Dataset excerpts:

Start of Block

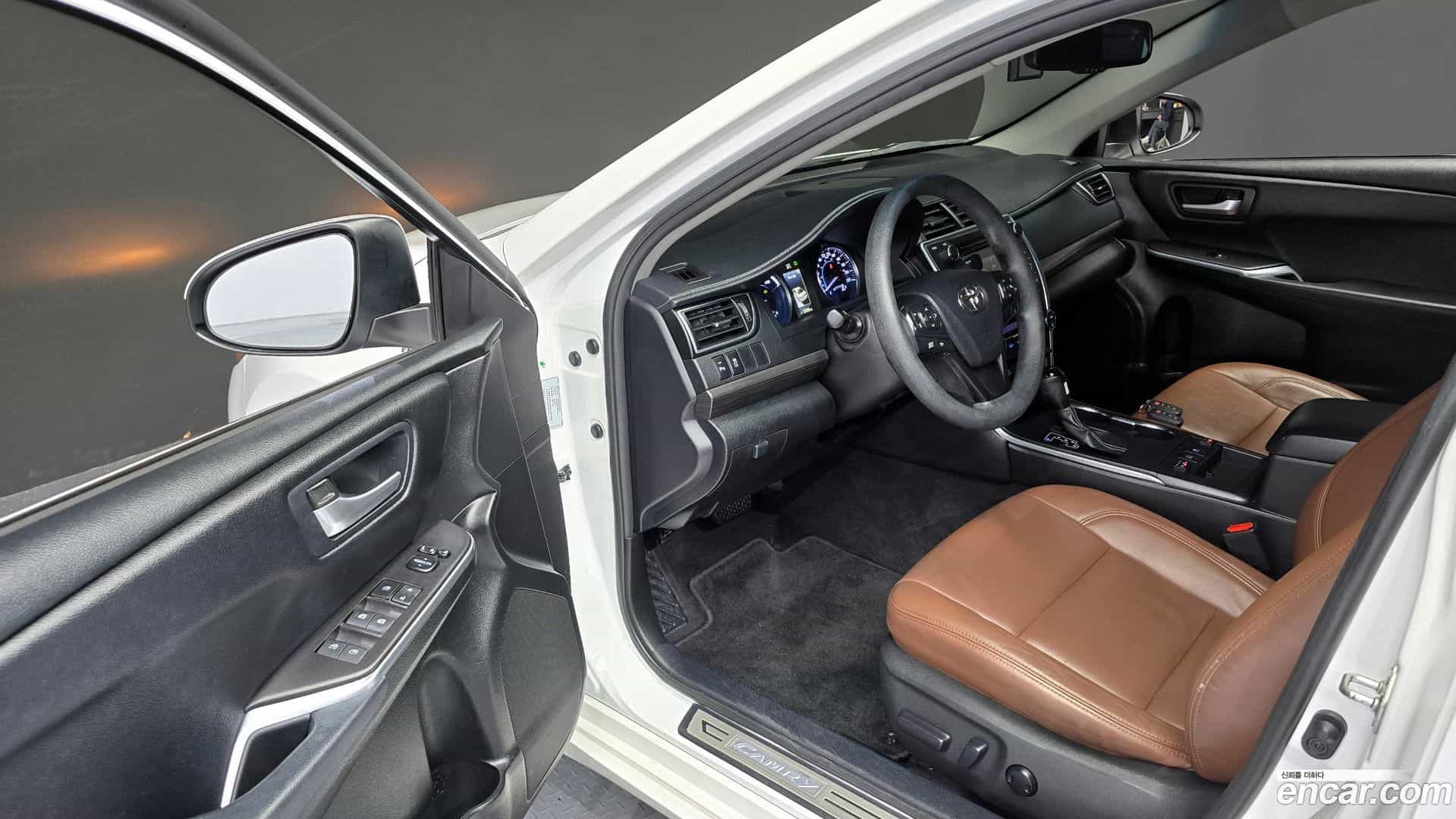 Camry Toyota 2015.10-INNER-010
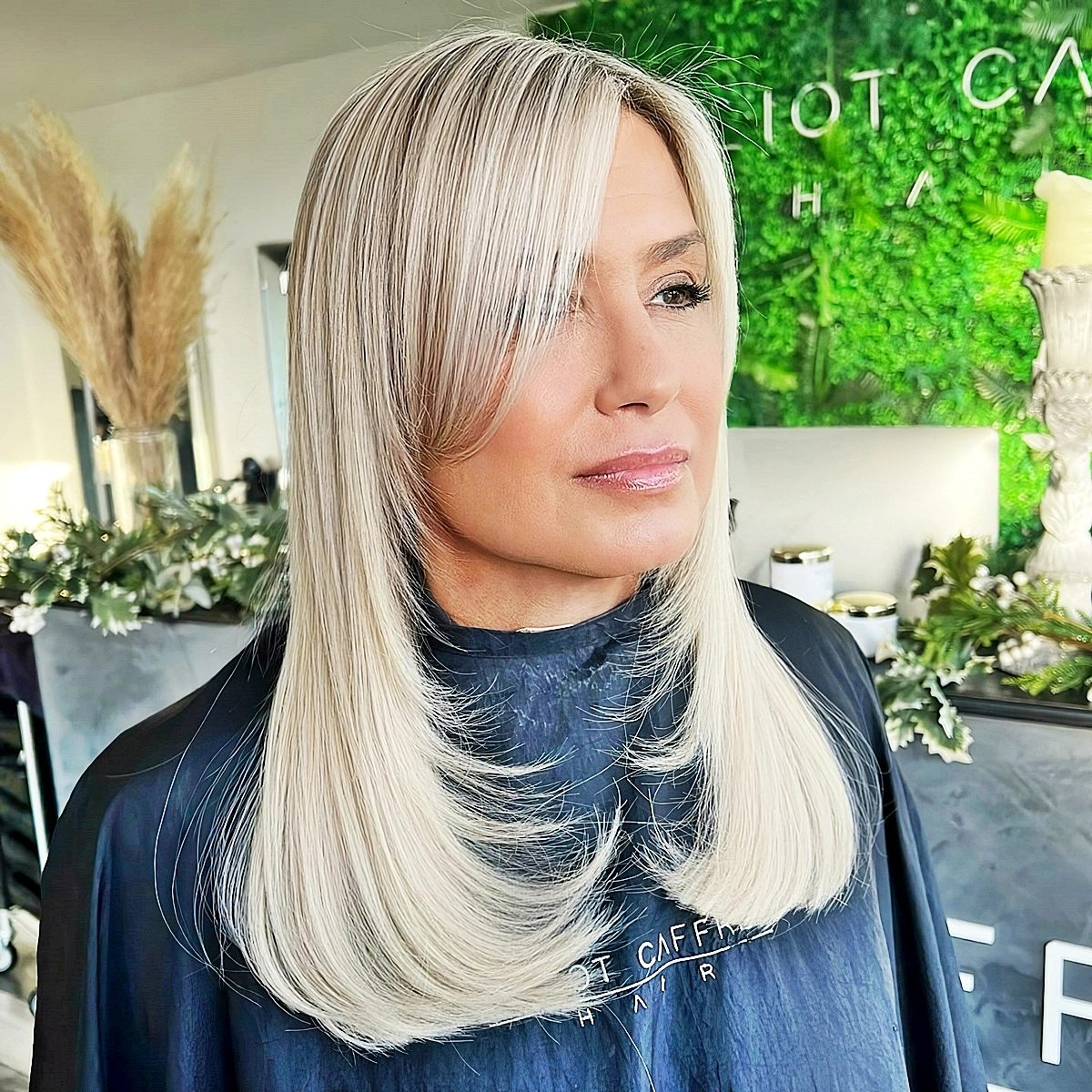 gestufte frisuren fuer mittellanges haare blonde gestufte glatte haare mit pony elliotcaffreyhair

End of Block
Start of Block

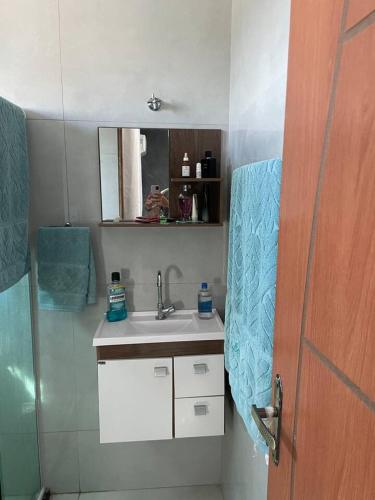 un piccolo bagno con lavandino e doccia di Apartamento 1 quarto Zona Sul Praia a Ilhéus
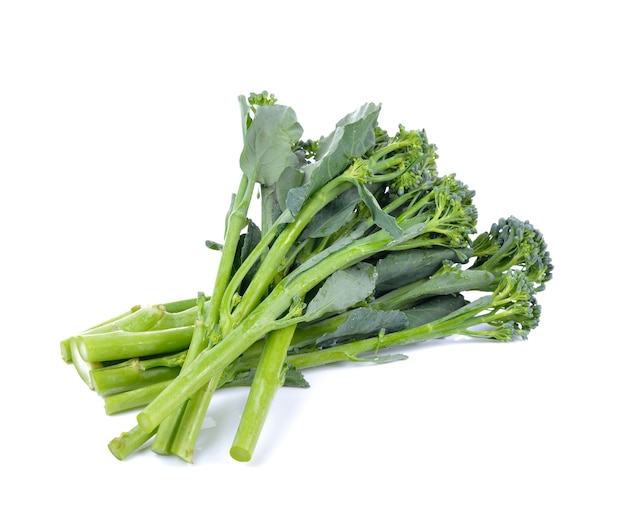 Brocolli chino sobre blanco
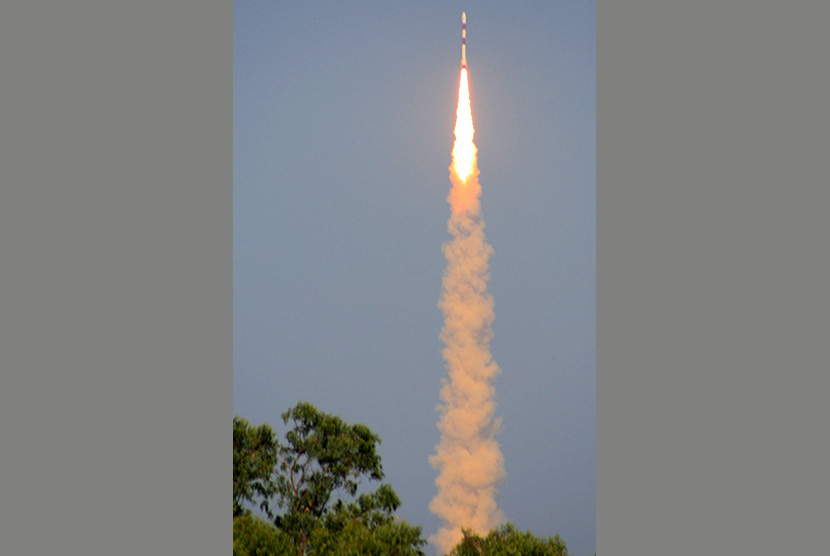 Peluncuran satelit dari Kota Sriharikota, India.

End of Block
Start of Block

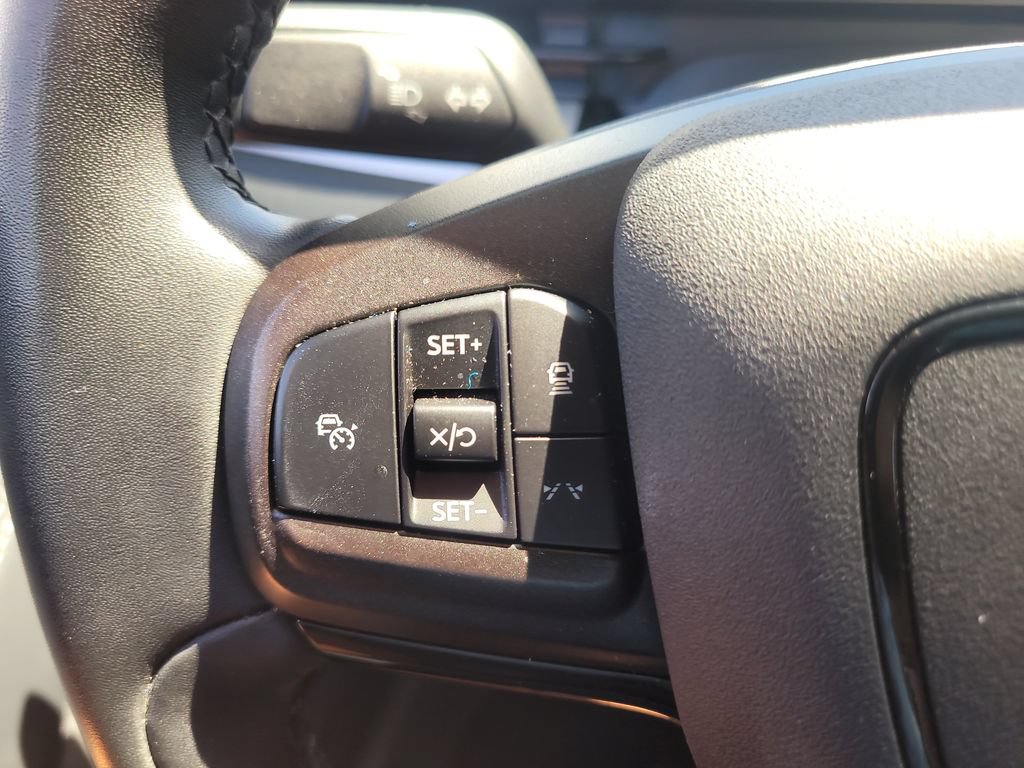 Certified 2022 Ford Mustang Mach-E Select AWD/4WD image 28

End of Block

Going by the data above, give back only the lines from the one containing "Camry Toyota 2015.10-INNER-010" through the one containing "gestufte frisuren fuer", exactly as they stand, both ends included and no images.

 Camry Toyota 2015.10-INNER-010
 gestufte frisuren fuer mittellanges haare blonde gestufte glatte haare mit pony elliotcaffreyhair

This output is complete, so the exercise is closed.